We intentionally don't spread TryPattern everywhere. Only in places where it makes sense.
What are the scenarios where you need to parse unknown RegEx? How common are those scenarios? (Naively I would assume that RegEx is typically constant in code)

karelz on 17 Nov 2017

udlose on 17 Nov 2017

👍3

For this to work we would need to make some changes in RegexParser. Everywhere where we are currently throwing an exception with the helper method MakeException(string) we would need to add a condition and return null if no exceptions are desired (TryParse scenario). We would also need to make sure that the changes won't harm existing inlining optimizations.

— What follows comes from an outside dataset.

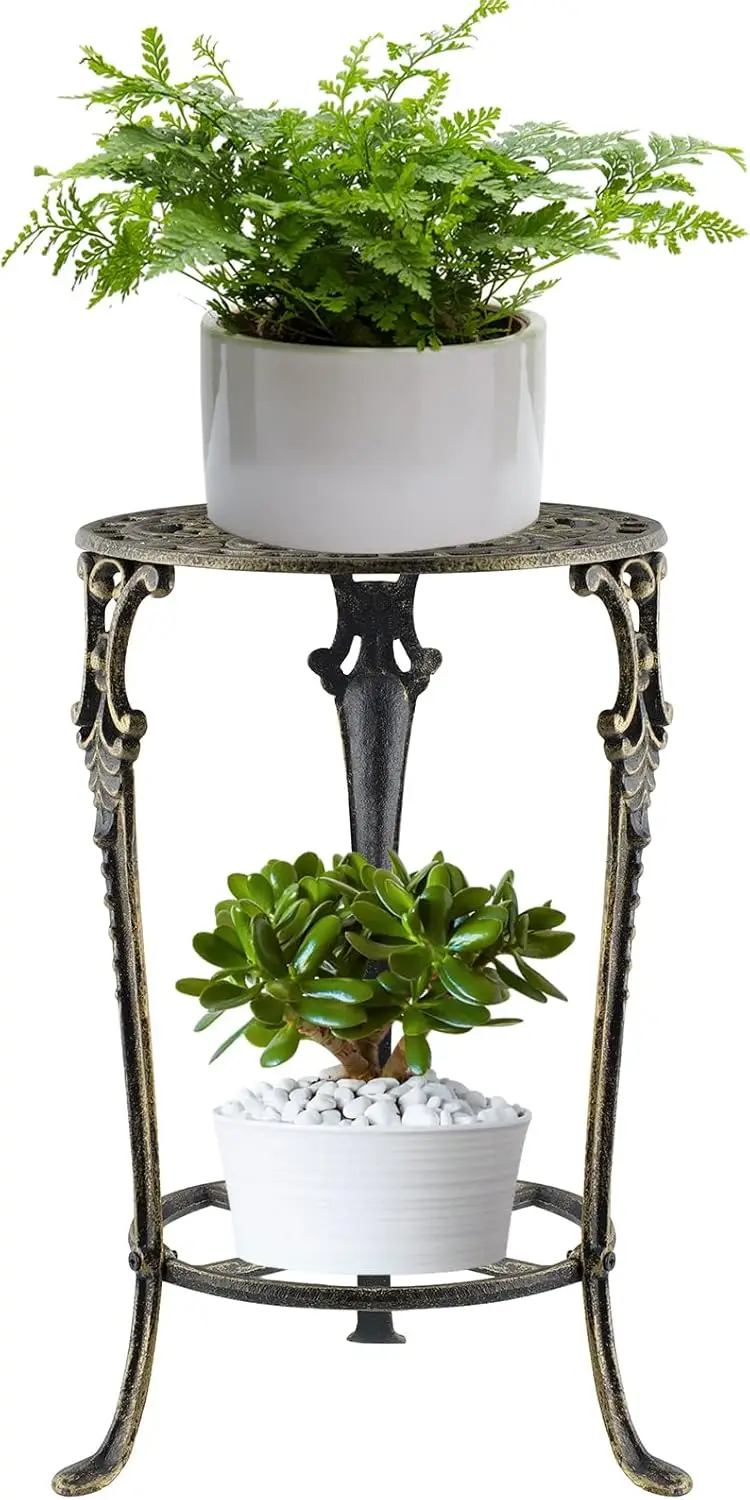 

Двухуровневая подставка для растений из чугуна, высотой 18,8 дюймов, прочная подставка для цветов для гостиной, спальни, кухни, цвет бронза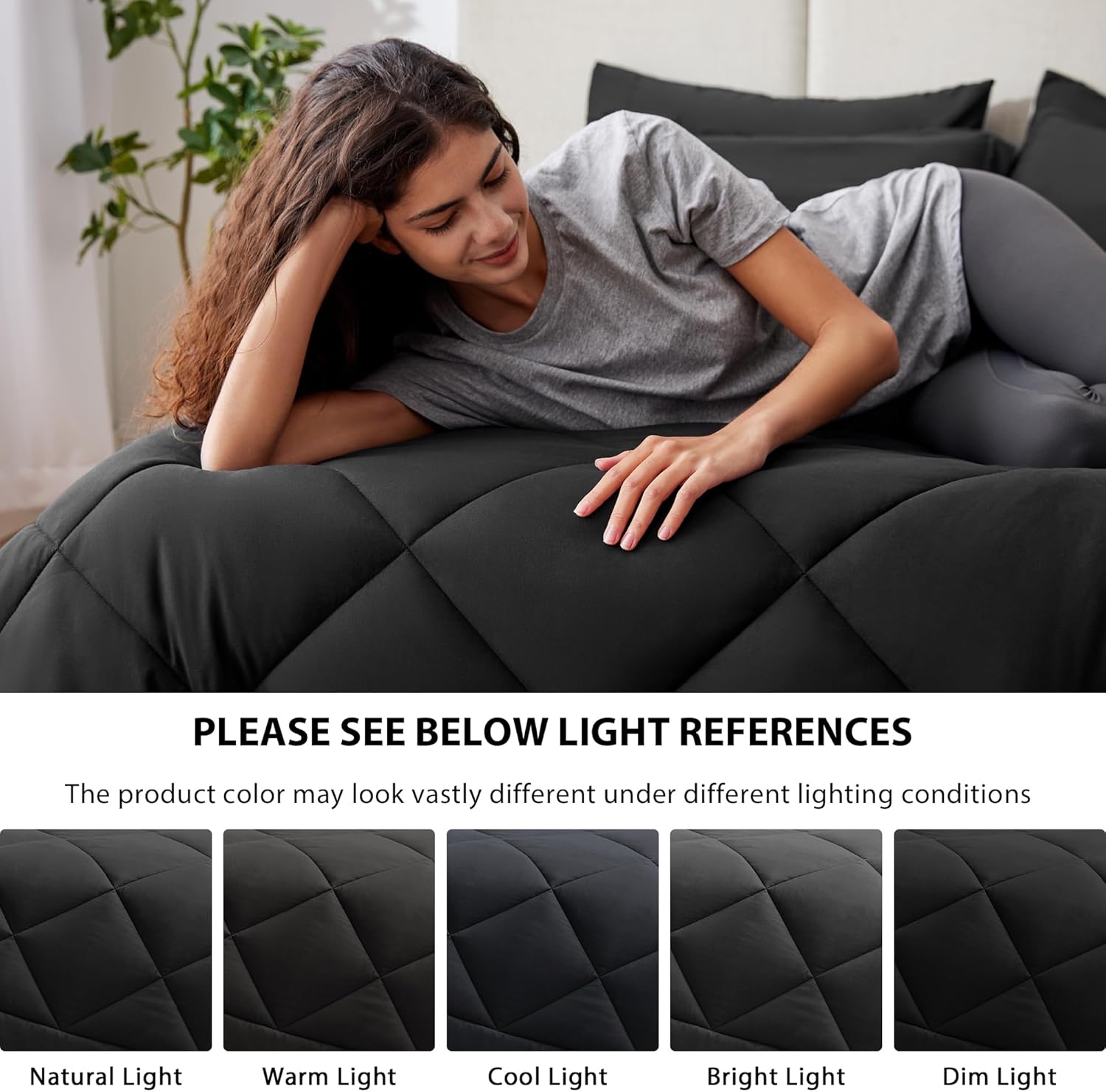 Love's cabin Twin Comforter Set Black, 5 Pieces Twin Bed in a Bag, All Season Twin Bedding Sets with 1 Comforter, 1 Flat Sheet, 1 Fitted Sheet, 1 Pillowcase and 1 Pillow Sham - Image 5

That said, it would involve adding a lot of repetitive code which I'm not really a fan of (without loosing inlining optimization). For the public API surface we could have something like this:

[edit by @ViktorHofer, put up api proposal at the top]

ViktorHofer on 26 Nov 2017

I think this is definitely worthwhile. Dynamic regexes are very common, and I've used them many times.

We intentionally don't spread TryPattern everywhere.

@karelz Why? In .NET, absolutely anything that can be defined at compile time can also be created at runtime. For that reason alone it seems like any and every convert-from-string scenario should have a corresponding Try pattern, because there's a good chance that that string will be user input (requiring validation) in somebody's application somewhere.

MgSam on 27 Nov 2017

👍2

Talked to @ViktorHofer, looks ready for review.

terrajobst on 27 Nov 2017

@MgSam first, you already scoped it to convert-from-string scenarios. TryPattern is used for more than just that.
Second, historically we didn't blindly add hundreds of APIs which may or may not be useful - we always tried to understand the value of each API / API category, while maintaining certain level of consistency (e.g. across collections). Key motivation is to keep the API surface sane and easy to consume/reason about - that means avoiding useless APIs which might be just confusing for developers.
BTW: You can check our recorded API reviews for some of our motivations and reasoning.

karelz on 27 Nov 2017

@karelz Right, I'm asking in the context of this issue, which was about parsing from strings.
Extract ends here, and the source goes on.